Miller do Szczecina przyjechał wraz z Milesem Bouldem (perkusja) i Nicolasem Fiszmanem (gitara basowa). W Filharmonii zaprezentował utwory z albumu "Silent Light".

Kompozytorski talent

Ten najnowszy album wydany został przez wytwórnię ECM. To już wskazuje jaki rodzaj jazzu możemy na niej znaleźć, te trzy literki to symbol konkretnej, rozpoznawalnej estetyki. Także tytuł „Silent Light” przywodzi raczej na myśl zdecydowanie delikatniejsze brzmienia. I taki też był ten wieczór, ale nie tylko...

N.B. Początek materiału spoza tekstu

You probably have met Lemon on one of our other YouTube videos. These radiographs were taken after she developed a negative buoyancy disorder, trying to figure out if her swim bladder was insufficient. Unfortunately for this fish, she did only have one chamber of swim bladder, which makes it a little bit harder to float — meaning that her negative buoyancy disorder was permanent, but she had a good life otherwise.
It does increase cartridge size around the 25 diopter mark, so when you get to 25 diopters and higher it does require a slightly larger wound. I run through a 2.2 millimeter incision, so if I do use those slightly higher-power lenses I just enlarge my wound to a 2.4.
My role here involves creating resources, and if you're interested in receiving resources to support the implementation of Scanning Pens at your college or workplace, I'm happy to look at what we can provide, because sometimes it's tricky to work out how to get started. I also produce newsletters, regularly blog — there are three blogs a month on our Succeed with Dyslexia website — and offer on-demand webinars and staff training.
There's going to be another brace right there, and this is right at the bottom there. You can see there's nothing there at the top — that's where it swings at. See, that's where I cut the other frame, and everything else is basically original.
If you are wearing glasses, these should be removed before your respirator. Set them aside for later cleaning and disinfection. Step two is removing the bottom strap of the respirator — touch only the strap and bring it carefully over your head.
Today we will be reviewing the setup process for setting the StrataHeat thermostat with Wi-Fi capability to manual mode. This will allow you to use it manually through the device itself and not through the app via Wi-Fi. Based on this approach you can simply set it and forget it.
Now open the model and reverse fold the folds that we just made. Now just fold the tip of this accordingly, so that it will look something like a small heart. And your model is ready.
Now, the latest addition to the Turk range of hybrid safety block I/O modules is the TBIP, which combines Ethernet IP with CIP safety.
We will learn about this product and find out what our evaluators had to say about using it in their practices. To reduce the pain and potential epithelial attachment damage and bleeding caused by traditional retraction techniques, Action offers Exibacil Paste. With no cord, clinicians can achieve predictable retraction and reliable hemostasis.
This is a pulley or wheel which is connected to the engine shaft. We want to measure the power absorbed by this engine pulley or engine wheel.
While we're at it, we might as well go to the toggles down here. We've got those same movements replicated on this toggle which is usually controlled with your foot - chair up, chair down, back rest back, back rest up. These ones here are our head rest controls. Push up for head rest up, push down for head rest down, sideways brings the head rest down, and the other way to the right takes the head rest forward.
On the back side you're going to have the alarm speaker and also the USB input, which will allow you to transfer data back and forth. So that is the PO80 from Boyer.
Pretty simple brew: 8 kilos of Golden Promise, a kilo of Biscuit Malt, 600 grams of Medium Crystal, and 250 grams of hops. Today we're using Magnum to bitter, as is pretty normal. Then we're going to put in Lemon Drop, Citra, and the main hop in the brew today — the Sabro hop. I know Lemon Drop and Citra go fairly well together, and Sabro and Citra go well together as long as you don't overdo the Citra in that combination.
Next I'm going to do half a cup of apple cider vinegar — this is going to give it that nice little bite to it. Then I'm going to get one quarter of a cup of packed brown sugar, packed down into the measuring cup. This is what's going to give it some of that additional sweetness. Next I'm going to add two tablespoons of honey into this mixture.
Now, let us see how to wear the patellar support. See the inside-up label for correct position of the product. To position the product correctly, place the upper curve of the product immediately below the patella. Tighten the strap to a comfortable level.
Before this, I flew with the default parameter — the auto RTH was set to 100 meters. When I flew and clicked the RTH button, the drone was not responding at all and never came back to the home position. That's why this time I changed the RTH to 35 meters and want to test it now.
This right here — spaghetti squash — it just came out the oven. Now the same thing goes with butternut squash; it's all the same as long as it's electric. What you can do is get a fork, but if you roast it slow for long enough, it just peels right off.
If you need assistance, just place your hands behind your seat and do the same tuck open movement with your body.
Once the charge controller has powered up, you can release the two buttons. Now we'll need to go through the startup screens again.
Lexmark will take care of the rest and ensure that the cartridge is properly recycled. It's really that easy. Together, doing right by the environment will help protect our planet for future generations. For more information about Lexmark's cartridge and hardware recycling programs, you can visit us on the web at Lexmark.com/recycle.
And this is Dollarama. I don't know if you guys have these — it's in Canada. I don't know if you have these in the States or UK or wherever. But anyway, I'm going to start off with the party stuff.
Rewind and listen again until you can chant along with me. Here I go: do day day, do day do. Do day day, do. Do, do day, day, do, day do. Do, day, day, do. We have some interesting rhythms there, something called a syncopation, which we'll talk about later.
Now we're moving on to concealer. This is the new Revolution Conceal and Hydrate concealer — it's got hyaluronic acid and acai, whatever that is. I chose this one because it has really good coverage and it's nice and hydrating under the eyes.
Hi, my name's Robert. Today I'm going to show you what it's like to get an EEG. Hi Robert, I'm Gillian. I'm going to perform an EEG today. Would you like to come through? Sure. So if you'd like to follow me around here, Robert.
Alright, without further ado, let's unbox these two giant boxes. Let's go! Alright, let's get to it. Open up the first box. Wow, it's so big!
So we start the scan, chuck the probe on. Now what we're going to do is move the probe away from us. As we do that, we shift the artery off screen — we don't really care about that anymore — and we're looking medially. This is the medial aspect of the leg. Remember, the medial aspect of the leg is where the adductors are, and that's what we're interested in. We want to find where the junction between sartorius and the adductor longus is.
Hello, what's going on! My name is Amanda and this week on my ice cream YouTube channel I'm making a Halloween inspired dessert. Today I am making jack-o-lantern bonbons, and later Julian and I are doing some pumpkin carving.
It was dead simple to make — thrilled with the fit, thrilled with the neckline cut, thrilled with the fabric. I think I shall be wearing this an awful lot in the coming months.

W jego programie znalazły się również nowe utwory, takie jak „Baden”, „Water” – wysublimowane i znakomite technicznie numery, które niewątpliwie dowodzą kompozytorskiego talentu Millera. Na tej ostatniej płycie jest też jego autorska wersja utworu „Fields Of Gold” i także ten utwór został wykonany, wzbudzając oczywiście duże ożywienie wśród publiczności, która wypełniła salę prawie do ostatniego miejsca.

Opowieści o Argentynie

„La belle dame sans regrets”, to jeszcze jeden Stingowy akcent w repertuarze wtorkowego koncertu, ale był też wątek beatlesowski. Muzycy zagrali bowiem „A Day In The Life” i wtedy Dominic Miller  zaintonował frazę wokalną. Później sięgał też po mikrofon i opowiadał o sobie, swojej muzyce i kilkakrotnie komplementował Filharmonię. Powiedział, że występował już w bardzo wielu miejscach, ale ten obiekt wzbudza w nim szczególny zachwyt. Opowiadał też o dzieciństwie w Argentynie (przed wykonaniem utworu opartego na tradycyjnym temacie ludowym z tego kraju), o piłce nożnej i swojej, małej gitarze klasycznej, którą co prawda trudno nastroić, ale ma wiele innych zalet...

Dużo dobrej zabawy

Generalnie był w bardzo dobrym humorze. Stwierdził, że nie ma przygotowanej set listy i dlatego może zagrać praktycznie wszystko, zaskakując pozostałych muzyków. Na scenie było zatem dużo dobrej zabawy i oczywiście dużo dobrego grania. Jazzu, klasyki rocka, ale też fusion. Publiczność doceniła to owacjami na stojąco, a Dominic Miller odwdzięczył się jeszcze podpisując płyty i pozując do zdjęć po koncercie.